Heringediend als : schriftelijke vraag 5-4577

Vraag nr. 5-3840 d.d. 1 december 2011 : (Vraag gesteld in het Nederlands)

In België worden antidepressiva voor de behandeling van depressie bij kinderen en jongeren weliswaar voorgeschreven maar niet geregistreerd.

Heel wat studies tonen zich uitermate kritisch over gebruik van antidepressiva bij de behandeling van depressies bij jonge mensen. Er rijzen heel wat twijfels over hun doeltreffendheid en bovendien - en dat klinkt erg beangstigend - voorspellen deze studies een hoger risico op zelfmoordgedachten en automutilatie.

Hierover de volgende vragen:

1) Hoe evolueerde het geregistreerde gebruik van antidepressiva jaarlijks in de periode 2001 - 2010 bij minderjarigen? Kan de geachte minister deze cijfers tevens opdelen per levensjaar, geslacht en per provincie (en gewest)?

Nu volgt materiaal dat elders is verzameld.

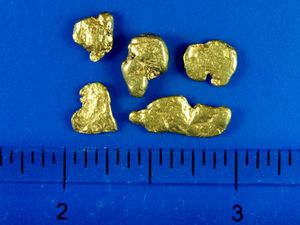 4.76 Gram Alaskan Gold Nuggets (SOLD)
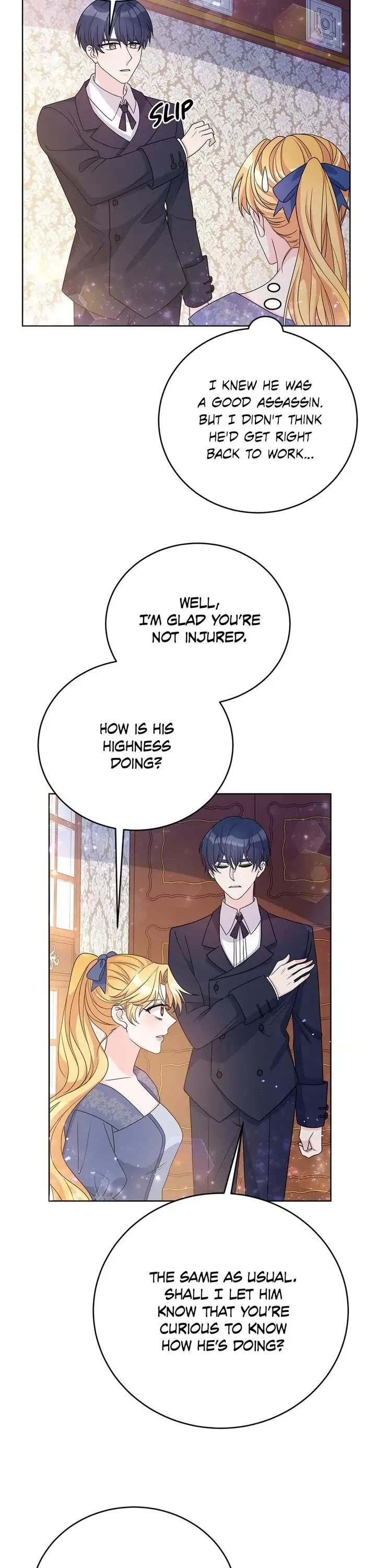 Return of the Female Knight Chapter 33 page 27 - Chapter 33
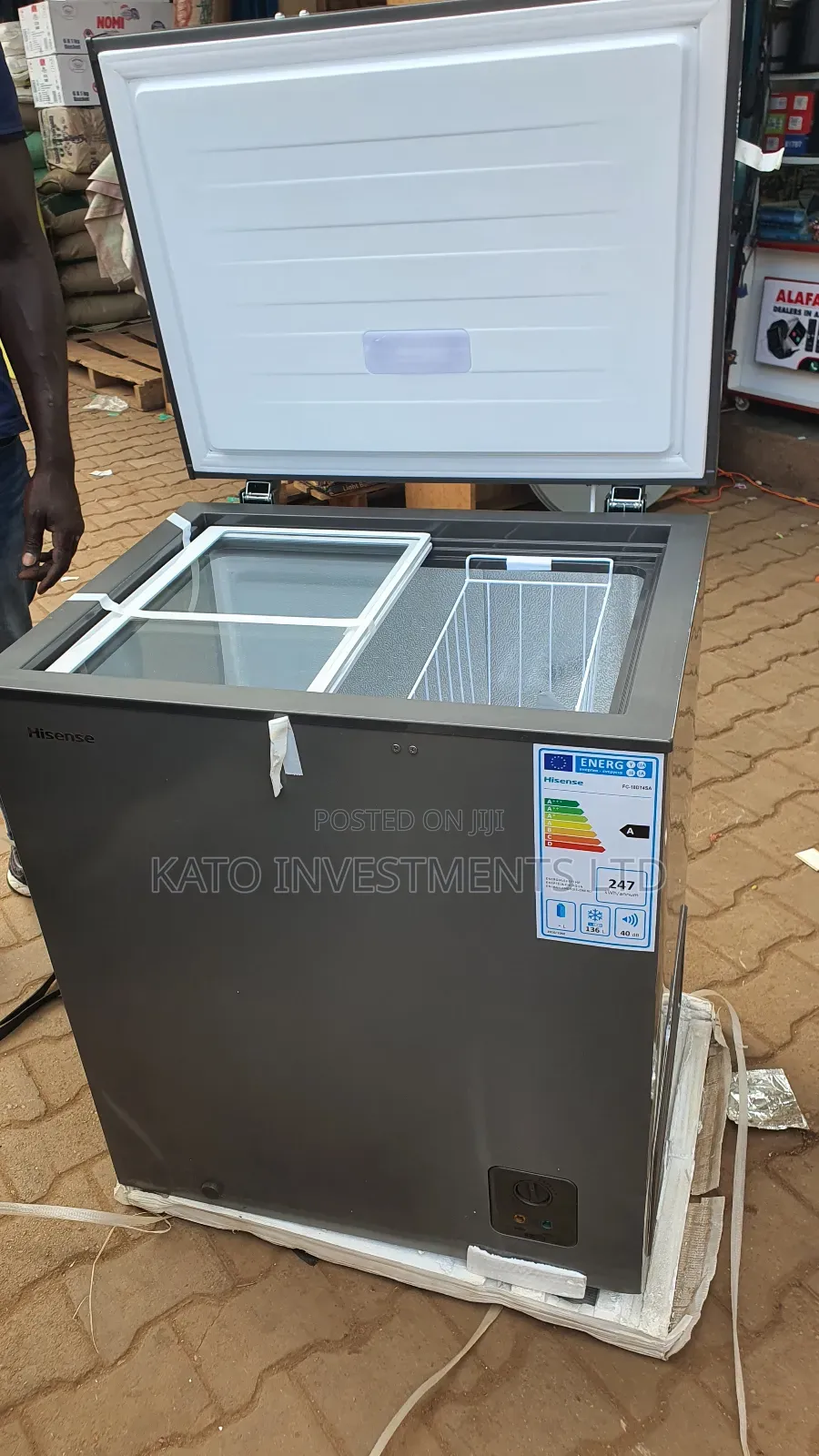 180litrs Deepfreezer Hisense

Hoe evalueert en duidt de minister deze cijfers?

2) Hoeveel kostte dit gebruik jaarlijks aan de Sociale Zekerheid, voor dezelfde periode?

3) Hoeveel van dit gebruik kan worden gekoppeld aan een langdurig gebruik, dit betekent meer dan zes maanden?

4) Welke zijn volgens de geachte minister de oorzaken van deze jaarlijkse stijging van het gebruik van antidepressiva bij kinderen? Is zij bekend met de studies ( onder andere van de Food and Drugs Administration) die het gebruik van de antidepressiva door kinderen en jongeren linken aan verhoogd risico op zelfmoordgedachten? Wordt het gebruik van antidepressiva door kinderen nauwkeurig en wetenschappelijk opgevolgd in België?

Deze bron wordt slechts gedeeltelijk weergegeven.